The transformation of food journalism from "five things to do with cream of mushroom soup" to the subject of an entire issue of The New Yorker, longtime food writers say, has a lot to do with changing attitudes about food across the country.
"Food is coming into American culture in a really strong way, but I started writing about food 30 years ago and everybody thought it was weird. It was seen as 'women's page' stuff," Gourmet Editor in Chief Ruth Reichl says in an interview in her grand Times Square office. "Food has become a part of popular culture in the way film or theater is."
Cable television is crowded with celebrity chefs wielding knives and shaking sauté pans. Supermarkets from Atlanta to Albuquerque carry dozens of different olive oils, heaps of fresh lemon grass, organic poussin and sushi. The same cities might also support one or more of the natural-foods emporiums--for example, Whole Foods Market or Wild Oats Market--peppering the country. And just about every town of any size, says former New York Times restaurant critic William Grimes, has "a decent approximation of a bistro now."
"Readers aren't going to put up with wire-service copy and grocery ads," Grimes says. "It was a huge day at the Times when salsa overtook ketchup as the No. 1 condiment. They made that a page-one story. That says a lot about how journalism has changed. The sense of what has a claim on reader interest and what qualifies as news has changed remarkably in a short amount of time."
It wasn't long ago that little more than free-floating recipes and sappy features larded the food section of the Baltimore Sun. The section, says former Sun deputy managing editor for sports and features Stephen Proctor, was "a 1950s idea, with a focus on recipes" and "designed for the woman at home making dinner."
Management had talked about revamping the section since the mid-1990s and finally decided to spend the money on a makeover, which was unveiled in early 2001.
Food "has become more of an entertainment now," says Proctor, now deputy managing editor for news at the San Francisco Chronicle. "It has become much more of an essential focus of our life. A newspaper usually reflects what the culture is doing, and I think that's why you're seeing so much more devotion to food journalism."

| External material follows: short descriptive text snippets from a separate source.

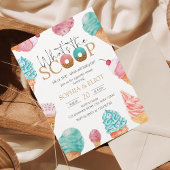 アイスクリームジェンダーがスクープパーティー 招待状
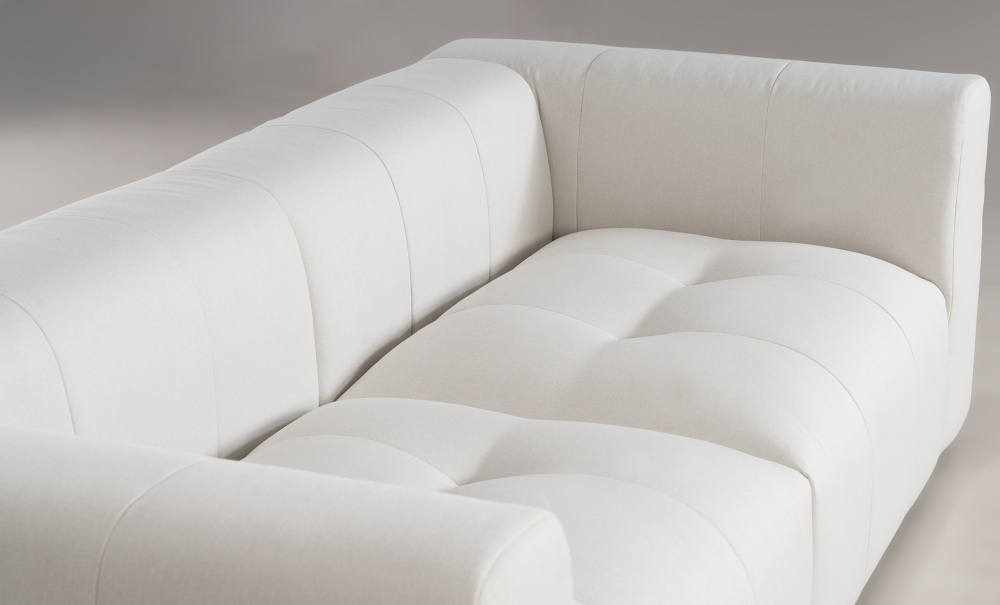 CLOUD 3-sitssoffa Beige i gruppen Vardagsrum / Soffor / 3-sits soffor hos SoffaDirekt.se (CL-3S-BE)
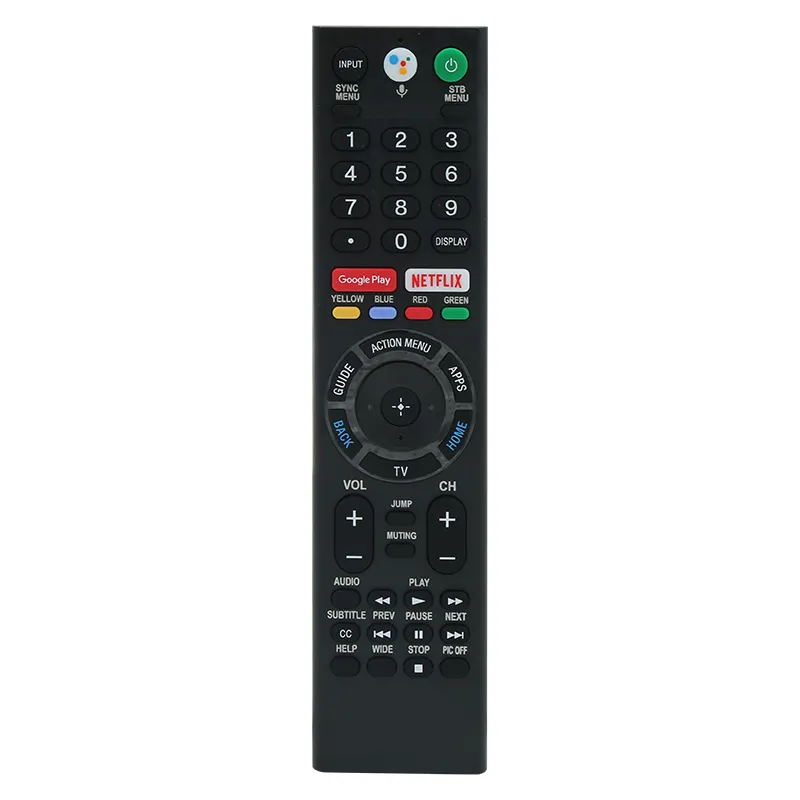 HUAYU RMF-TX310U Schöne ABS Voice TV Fernbedienung Kompatibel mit Sony 4K Smart Bravia TV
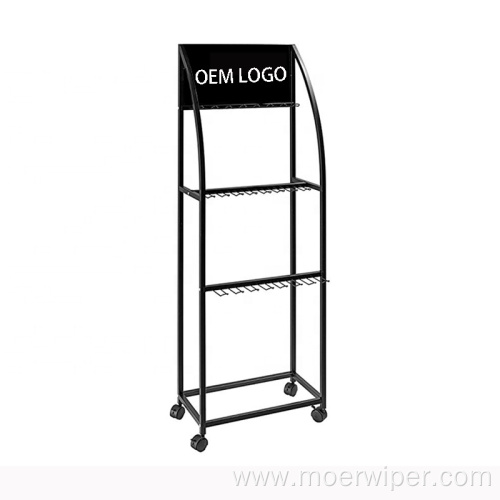 Metal Floor Wiper Blade Display Stand Rack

The Sun moved a premier reporter, Arthur Hirsch, to the food beat, and much of the section is now local. Given Baltimore's quirky food environment--plenty of wonderful provincialisms like cod cakes sandwiched between saltines and slathered in mustard, a universe of crabs, a scattering of interesting restaurants--it makes for a fairly lively section, and a big departure from its wan former incarnation.

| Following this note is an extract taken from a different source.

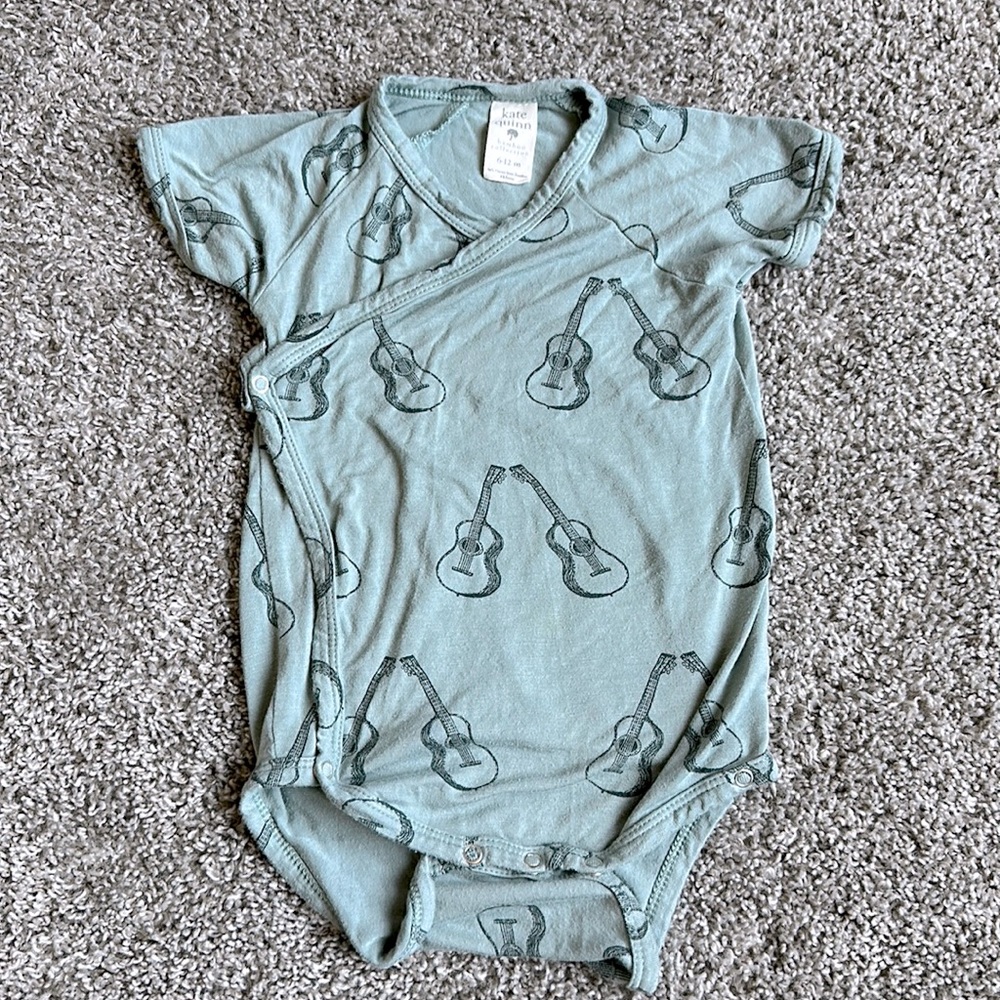 Kate Quinn Short Sleeve Kimono Bodysuit Onesie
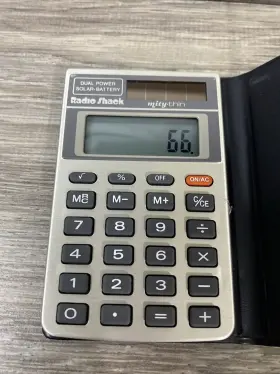 89260 RADIOSHACK Radio Calculator Ec Mity Battery Solar #2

Even in food-savvy cities like San Francisco, food journalism has only recently been granted editorial heft by newspaper management, says Michael Bauer, the Chronicle's restaurant critic and executive food and wine editor.
At the Food Journalist Association's annual conference, Bauer says, "the one thing food journalists talk about is gaining the respect of the newsroom--you feel as a second-class citizen as a food journalist."
A decade ago, he says, it looked like food sections were on the way to oblivion. Cities that had been full of competing grocery stores were down to a handful of chains warring for customers, and the ads dried up. "All of a sudden, food became unimportant," he says. "The only reason many papers carried food was because of the advertising." Many newspapers folded their food sections.
Since then, however, the national zeitgeist has included a healthy appetite for food, and newspapers have discovered that readers crave news about what they cook and eat. It's only in the past five or six years, Bauer says, that newspapers have taken food seriously.
Not everyone toiling in food journalism is sanguine about trends in the field.
It's not always easy, for example, to get news editors excited about food stories, says Bill Daley, a food writer and restaurant critic for the San Francisco Chronicle--where he jumped to last year from the Hartford Courant. "I don't know if we've convinced the hard-news types that it's newsworthy," he adds.
The big papers are indeed getting better, says Tommy Simmons, food editor of the Advocate in Baton Rouge, Louisiana. But Simmons, who has written about food for the Advocate since the mid-1970s, and who reads local food sections from around the country every week, worries about the homogenization of food coverage in smaller papers.
"I'm seeing a lot of chain-generated copy in chain papers, and so I think to a certain extent they are losing touch with their local scene," she says. "You see fewer stories about local chefs and local cooks.... I think we're losing the local newspaper touch in some of the smaller markets."
In the end, much of what passes for food writing remains "lifestyle journalism," says Warren Belasco, a professor of American studies at the University of Maryland-Baltimore County who studies food issues and food media. "I see it as a handmaiden to consumer culture, helping people refine their choices, become more expert as consumers, more discriminating."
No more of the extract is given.